Particularly ignorant in her list of assumptions, is Finn's view that because Bieber is familiar with his own penis that he should be happy if the world also gets that right, even without his permission. Taking that nonsense logic to the end degree, no star should have a right of redress about their anatomy being put on show, since surely everyone is familiar with their own bodies.

Regardless of what an opinion writer may think, the non-famous and the famous have at least a moral right not to have intimate, exposing pictures taken of them without their consent and used for profit, or not. Bieber didn't do anything wrong by removing his clothes in private. If E! talked about a female star in the same way they did about Bieber in that opinion piece they'd (rightly) tarred and feathered.

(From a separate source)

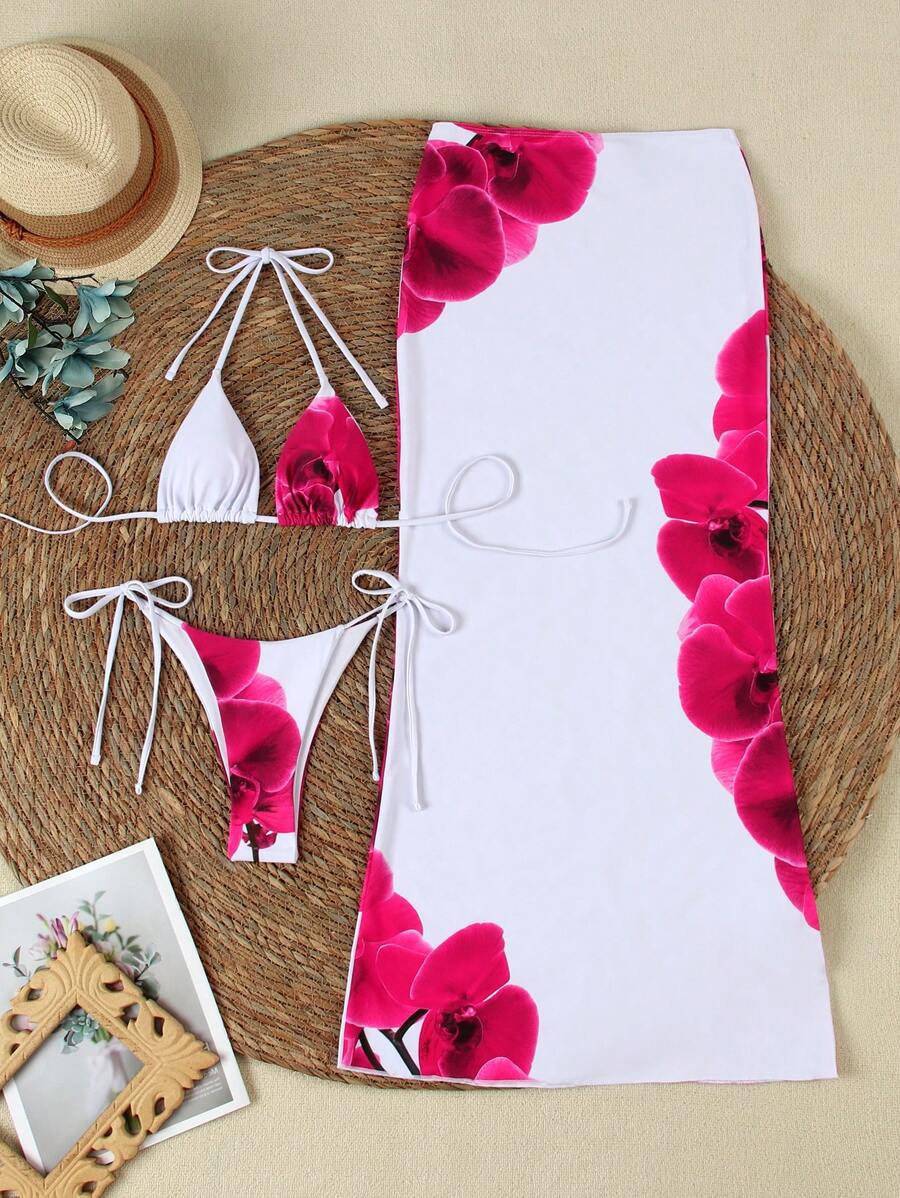 مايوه بكيني نسائي بطبعة زهور جذّابة – إطلالة صيفية أنثوية وجريئة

MTV News, The Daily Beast, and other outlets, have a markedly more thought out take on Bieber's naked pictures than E! News and rightly noted the double standard. Where are all the feminist think pieces and online outrage about privacy breaches, gender rights and the like that we saw after "The Fappening"? There are a few out there but not as many as there should be.

Is it because it's Justin Bieber? Is this because we don't think male nudity carries as much vulnerability-association as females'? MTV starkly asks "Why aren't we as angry about the Justin Bieber nude photo leak?" before asking why Bieber's decision to strip off for a swim on vacation was turned into a peep-show for the world without his consent?

Quite apart from the fact that it's not cool to exploit people, being famous doesn't -- or, at the very least, shouldn't -- negate a person's right to privacy. An individual's intimate bits are theirs to decide what they do with.

Bottom line? Legal experts may think being famous makes people fair game, but if you think it's wrong to look at leaked naked photos of Selena Gomez, Emma Watson, or Jennifer Lawrence, it's just as wrong to get your jollies gawping at the naked pictures of Justin Bieber, Nicholas Hoult, or Jared Leto.